━━━━━ DATA FOR THIS TASK ━━━━━
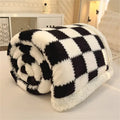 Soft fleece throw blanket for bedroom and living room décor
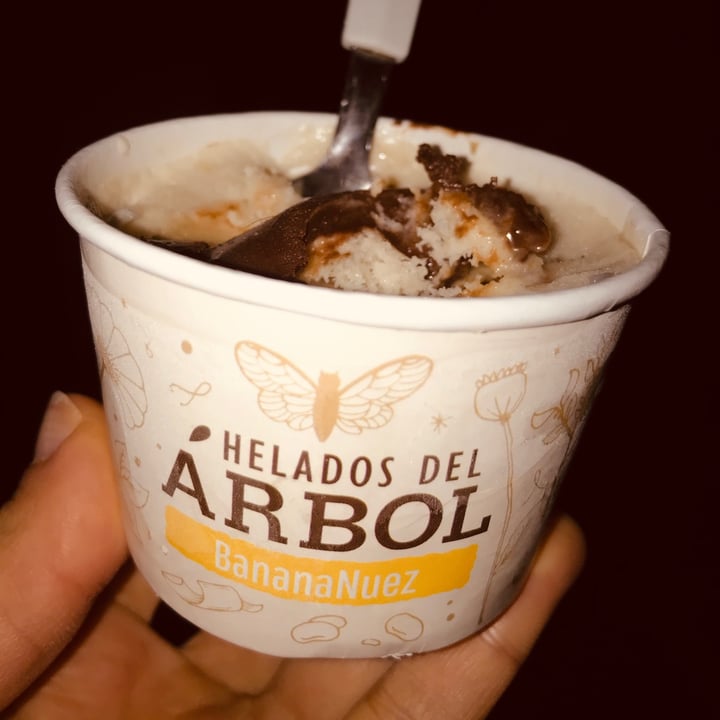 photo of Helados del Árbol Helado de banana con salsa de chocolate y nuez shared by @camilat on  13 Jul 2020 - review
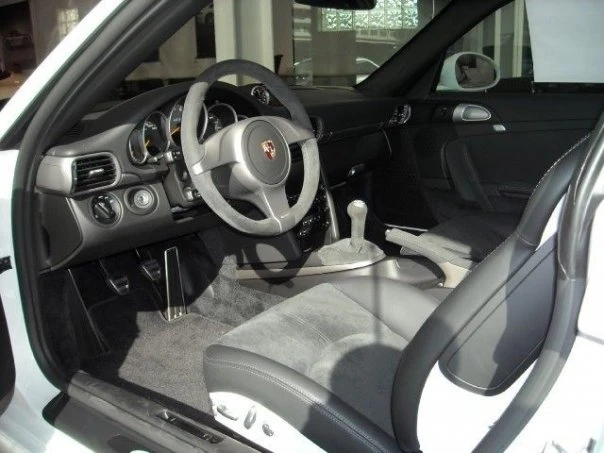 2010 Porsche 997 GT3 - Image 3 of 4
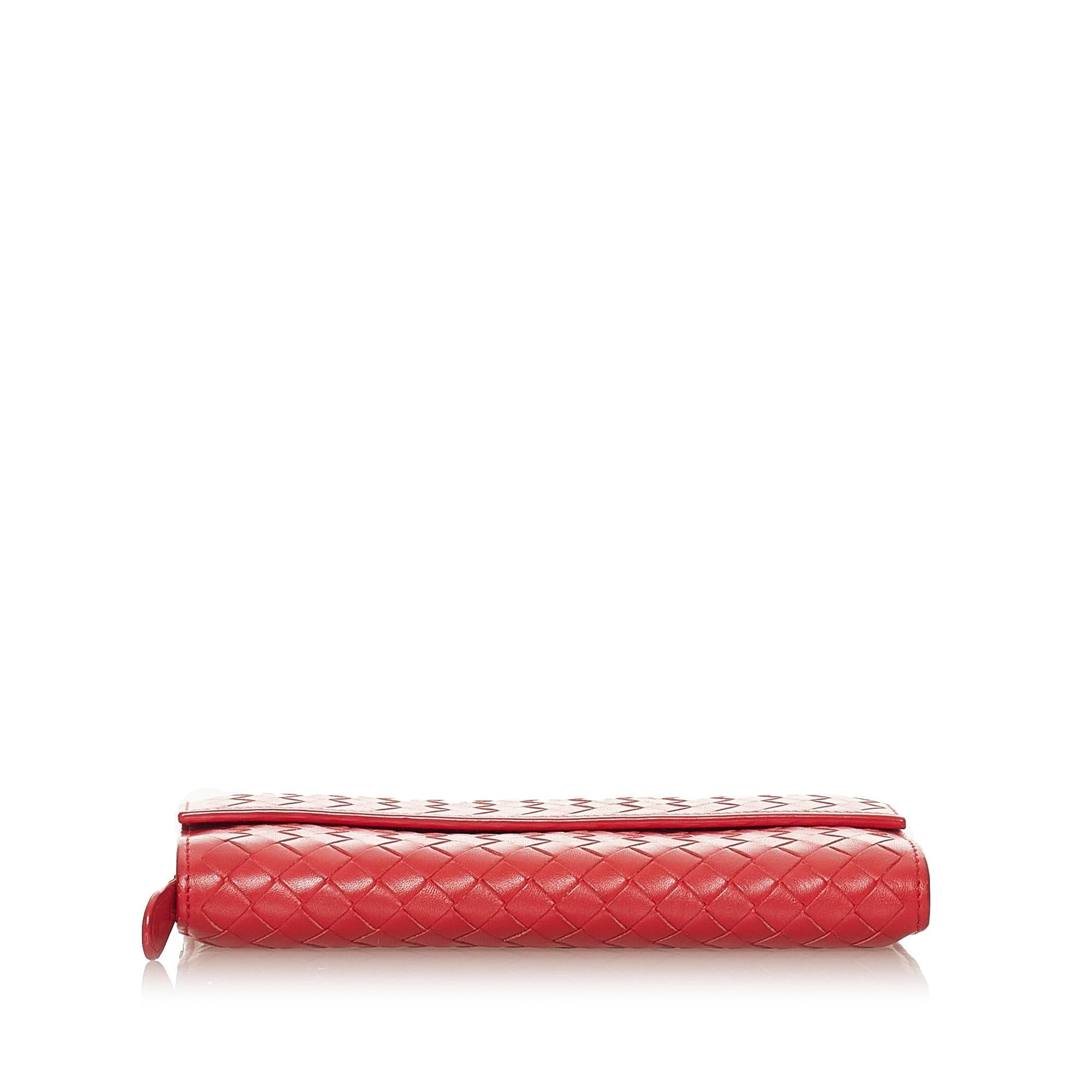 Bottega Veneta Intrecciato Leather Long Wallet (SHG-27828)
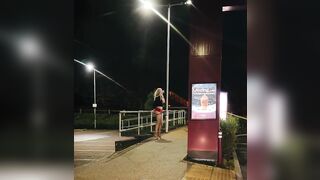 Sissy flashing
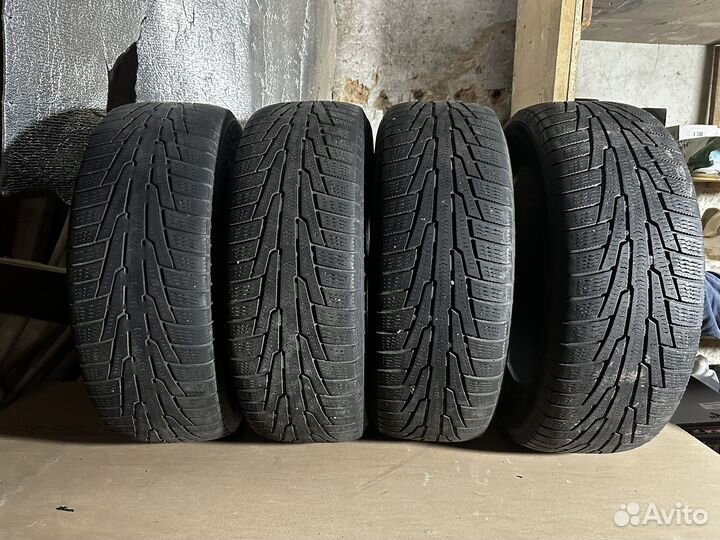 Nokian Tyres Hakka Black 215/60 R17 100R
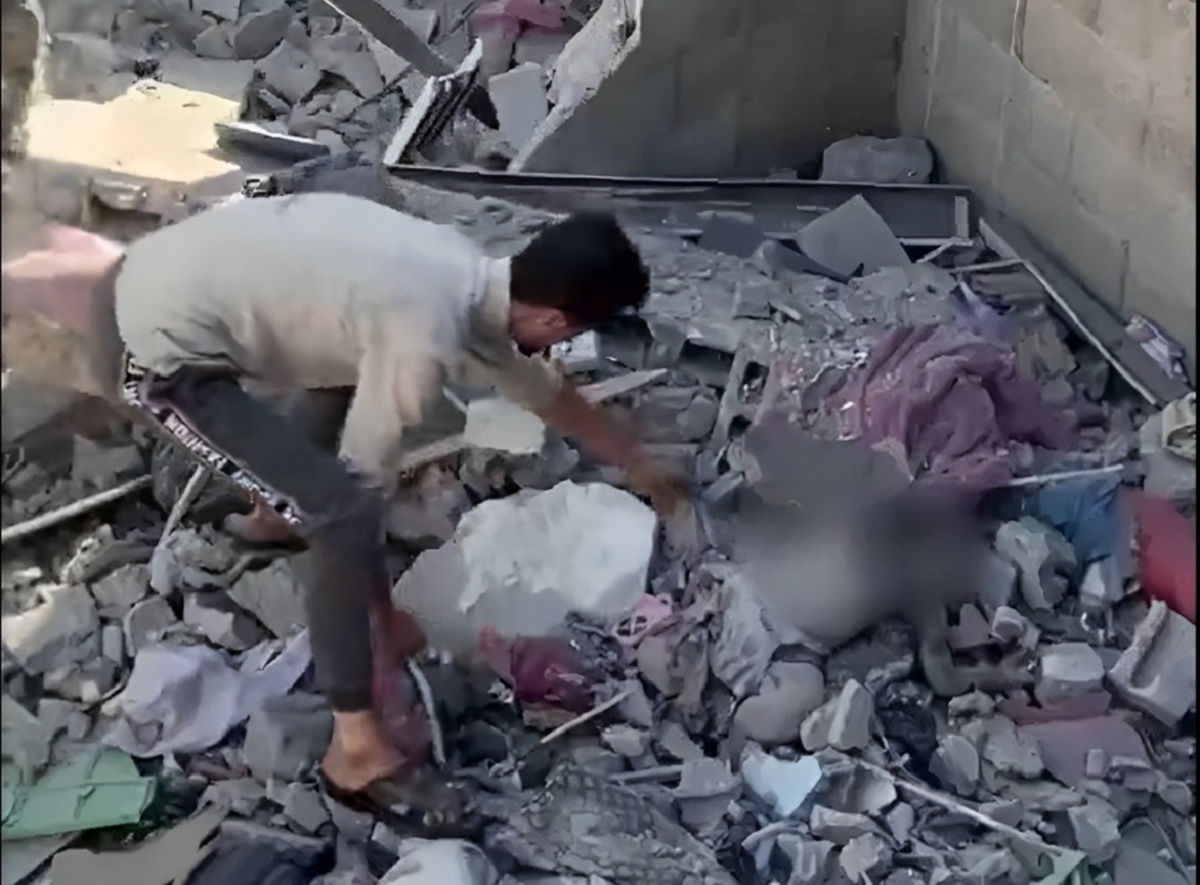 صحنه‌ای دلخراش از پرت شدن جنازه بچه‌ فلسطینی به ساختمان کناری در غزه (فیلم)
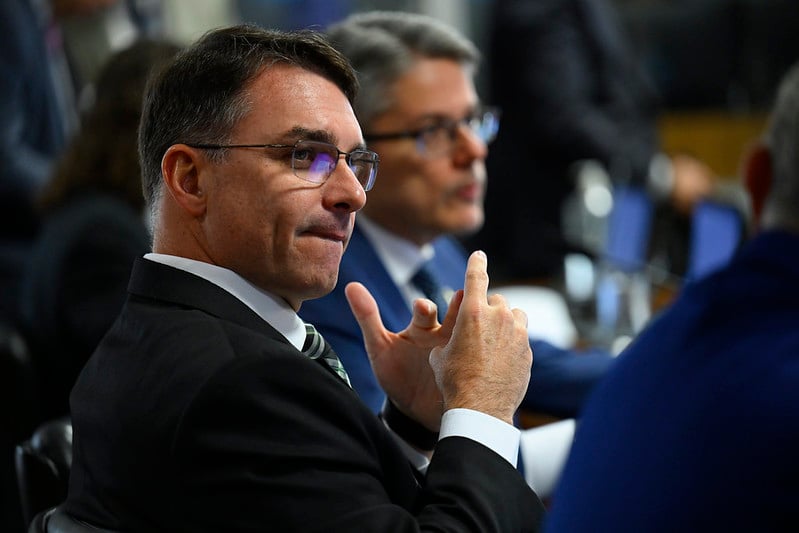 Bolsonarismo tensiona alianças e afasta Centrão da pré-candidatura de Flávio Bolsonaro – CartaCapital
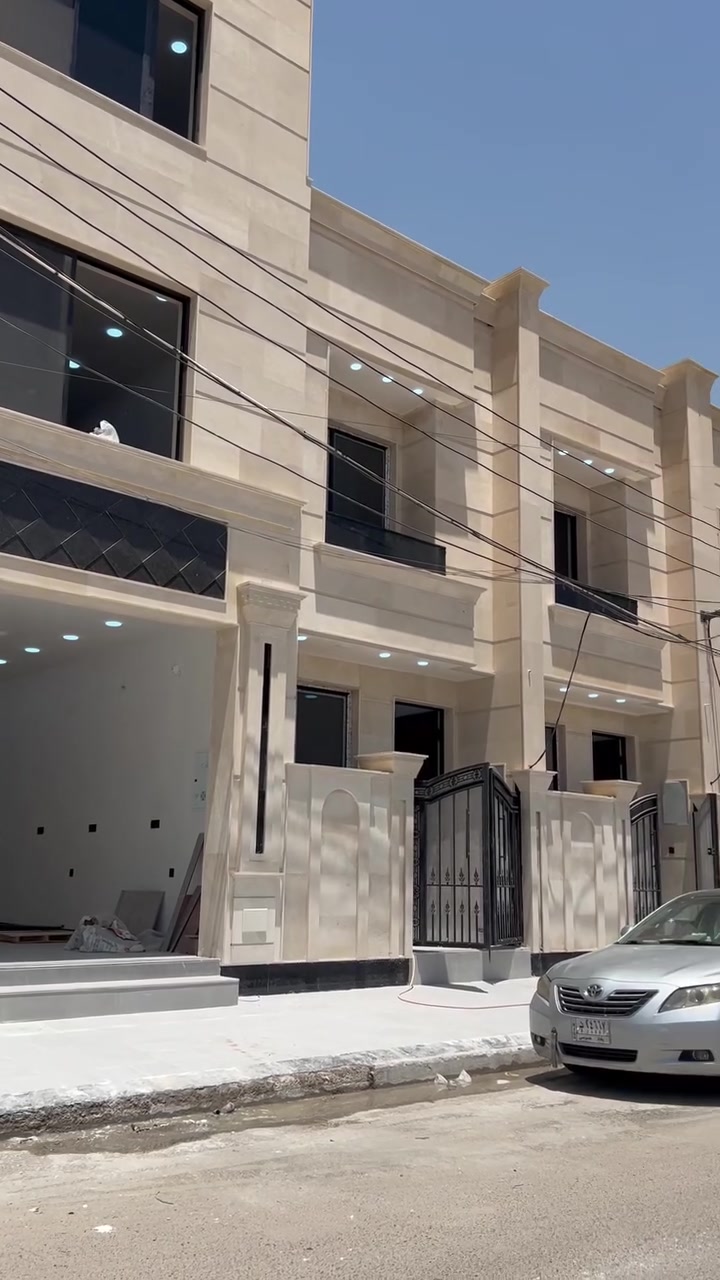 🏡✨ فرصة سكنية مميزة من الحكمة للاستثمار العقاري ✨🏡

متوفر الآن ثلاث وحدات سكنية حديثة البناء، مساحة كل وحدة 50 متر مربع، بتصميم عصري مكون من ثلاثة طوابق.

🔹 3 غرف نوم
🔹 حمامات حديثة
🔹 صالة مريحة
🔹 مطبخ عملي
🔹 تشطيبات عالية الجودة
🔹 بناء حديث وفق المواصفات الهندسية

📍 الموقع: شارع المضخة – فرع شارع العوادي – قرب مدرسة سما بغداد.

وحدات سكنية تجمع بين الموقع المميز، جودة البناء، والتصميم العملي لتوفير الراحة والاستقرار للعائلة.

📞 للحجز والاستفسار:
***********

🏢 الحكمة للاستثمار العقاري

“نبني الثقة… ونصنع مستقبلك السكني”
━━━━━
THE TASK:
The entries above are to be reproduced exactly, with the pictures dropped.

RESPONSE TO THE EXERCISE:
 Soft fleece throw blanket for bedroom and living room décor
 photo of Helados del Árbol Helado de banana con salsa de chocolate y nuez shared by @camilat on  13 Jul 2020 - review
 2010 Porsche 997 GT3 - Image 3 of 4
 Bottega Veneta Intrecciato Leather Long Wallet (SHG-27828)
 Sissy flashing
 Nokian Tyres Hakka Black 215/60 R17 100R
 صحنه‌ای دلخراش از پرت شدن جنازه بچه‌ فلسطینی به ساختمان کناری در غزه (فیلم)
 Bolsonarismo tensiona alianças e afasta Centrão da pré-candidatura de Flávio Bolsonaro – CartaCapital
 🏡✨ فرصة سكنية مميزة من الحكمة للاستثمار العقاري ✨🏡

متوفر الآن ثلاث وحدات سكنية حديثة البناء، مساحة كل وحدة 50 متر مربع، بتصميم عصري مكون من ثلاثة طوابق.

🔹 3 غرف نوم
🔹 حمامات حديثة
🔹 صالة مريحة
🔹 مطبخ عملي
🔹 تشطيبات عالية الجودة
🔹 بناء حديث وفق المواصفات الهندسية

📍 الموقع: شارع المضخة – فرع شارع العوادي – قرب مدرسة سما بغداد.

وحدات سكنية تجمع بين الموقع المميز، جودة البناء، والتصميم العملي لتوفير الراحة والاستقرار للعائلة.

📞 للحجز والاستفسار:
***********

🏢 الحكمة للاستثمار العقاري

“نبني الثقة… ونصنع مستقبلك السكني”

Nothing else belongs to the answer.